REDMOND, Wash. – As commuters turn to vanpools, carpools and other means of ride-sharing to ease the rising cost of gasoline, King County and area businesses are offering incentives to tempt more people to do the same.

Since June, Paul Houldridge has piled in a van with fellow Microsoft workers to commute between North Bend and Redmond. With combined incentives from Microsoft and the city, Houldridge’s group has been driving for free.

“When we started, prices were high but not skyrocketing as they have recently,” Houldridge said. “Now that they’ve gone up, we’re glad we’re not spending our own money.”

King County is offering a Freewheeling incentive program through Oct. 31, with cash rewards for new vanpool members and those who recruit members for its 700 vanpools.

Houldridge is one of thousands who have registered with, a program that matches drivers interested in carpooling.

Nearly 10,000 people had signed up for the ride-match program by Aug. 25, up more than 3,000 from the numbers in August last year, according to figures from Cathy Blumenthal, Metro’s chief of ride-share operations.

In a survey conducted Aug. 15-19 of 1,163 new ride-match users, 15 percent said they wanted to save energy or help the environment, but 30 percent said they wanted to offset the cost of gasoline.
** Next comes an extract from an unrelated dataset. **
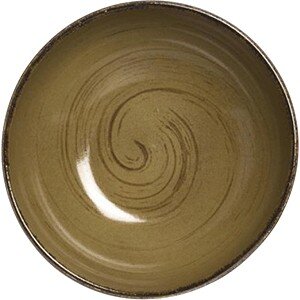 Салатник «Анфора Алма»;керамика;D=19,H=7см;коричнев.,олив. COM- 3031831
The average price of regular gasoline in Washington state on Sunday was $2.82 per gallon, 5 cents below the national average, according to AAA’s Web site. That’s up from the state average of $2.49 a gallon a month ago and the average of $2 during the same period last year.

Vanpool riders can save more than $200 a month, paying as little as $28.57 in a 15-passenger vanpool and as much as $50 a month in a six-member vanpool.

Nine vanpools serve 600 employees at Recreational Equipment Inc. in Seattle. The company pays part of the cost of carpools, buses and trains, said Randy Hurlow, REI spokesman and vanpool rider.